From showgirls, I have also had a chance to meet with to pop and movie stars. Once I had a brief interview with Madonna when she came to Rome to promote her film “Evita”. They gave me ten minutes with her in a room at the Hotel Hassler. I grew up listening to Madonna’s music and was expecting someone larger-than-life physically, and verbally commanding and aggressive. Instead, I was amazed at how small, sweet and friendly she was. She had brought her newborn baby Lourdes with her to Rome and, as the camera crew set up, we ended up talking about the challenges of breastfeeding on the job. It felt almost as though I was chatting on the park bench with another mamma, rather than preparing for an interview with one of the most influential female singers of my generation.
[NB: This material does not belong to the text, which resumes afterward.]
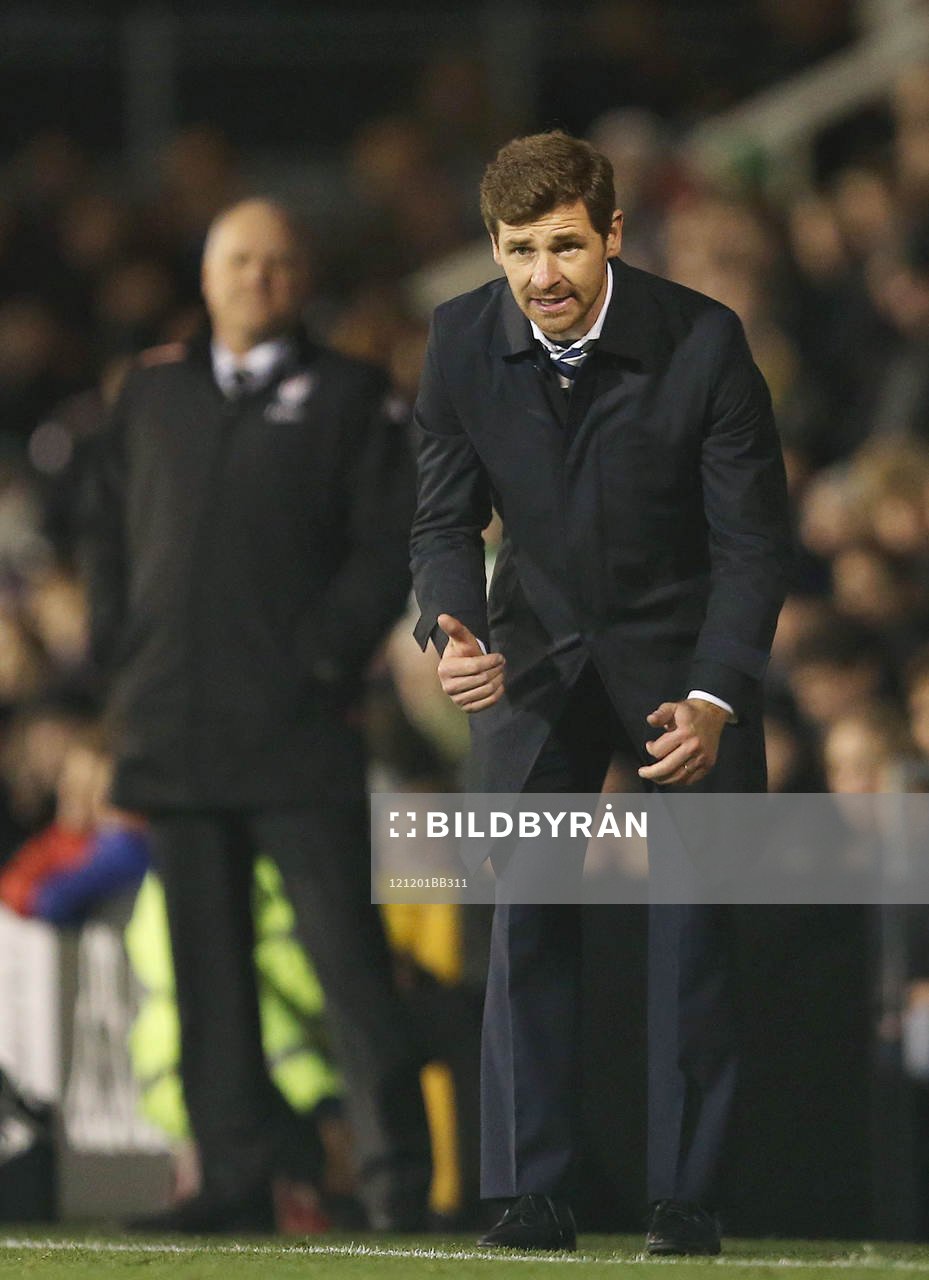Football - Fulham v Tottenham Hotspur - Barclays Premier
Another time I door-stepped actress Meryl Streep and asked her a question that was more for myself than for any news story. Streep, in person, is gorgeous, charming, and articulate. “How do you do it?” I asked “So many movies, such dedication, but you are also a mother of four.” She laughed and smiled and noted that she had plenty of bad days, but she just tries to do her best. Funny about that — one never sees Meryl Streep looking funky and frazzled.”
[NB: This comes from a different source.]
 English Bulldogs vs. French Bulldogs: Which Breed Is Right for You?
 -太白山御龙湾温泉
What a wonderful post, and your Gadaffi story is a classic. One always awaits his next Halloween costume.
Trisha,
thanks for sharing your thrilling stories about meetings with the big shots! As a policy student, I totally agree that it’s much more interesting to write the speeches or the bills, than it is to deliver them to the public. And if you get to talk to the ones that “matter,” you get the best of both worlds: great meetings without the burden of make-up for the show biz! :-) fortunately, there’s also people out there that care for visibility: without them, the backstage work would never come out.
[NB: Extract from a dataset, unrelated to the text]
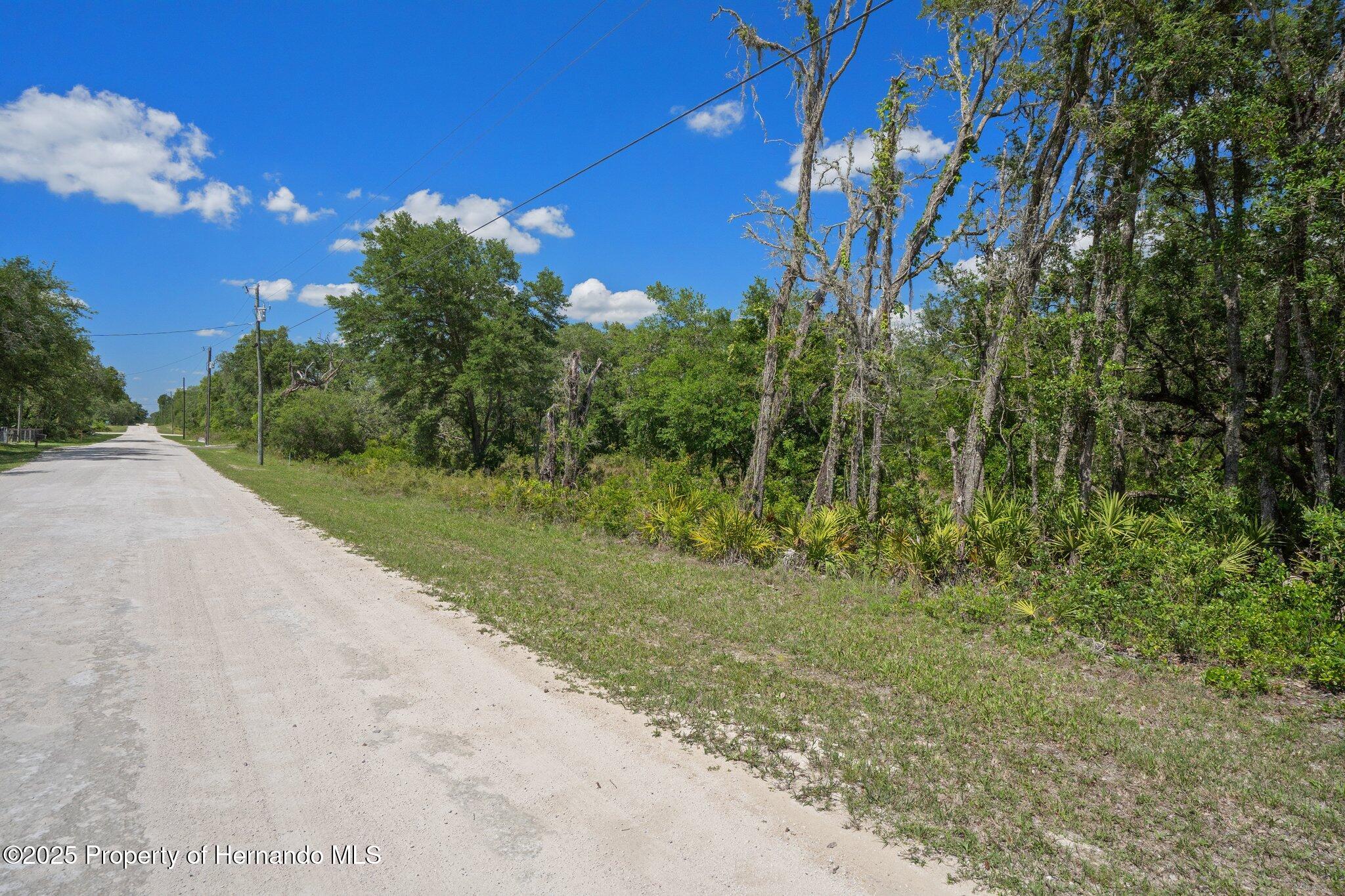 8184 Chimney Rock Drive, Webster, Florida image 16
Your blog is super, keep it up!!
Thank you Laura! I am suddenly realizing that keeping up a blog is hard work for a working mother of three. Your frequent comments and support make a big difference, I really appreciate it.
. . fascinating stuff. Once had a moment of dubious fame in the dim and distant past when we Brits were disengaging from Aden Protectorate – one of your fellow journalists (now bereft of life) was rushing around trying to get anything with pips on their shoulders to say a few words – none would. Eventually he grabbed hold of me (a lowly lance corporal) and I gave him the business perspective. Was later quoted in the Daily Express as ‘ a British military Spokesman was quoted as saying . .’ Ahh! Glory days!
Alan — You certainly have an interesting past! I am eager to hear more about it!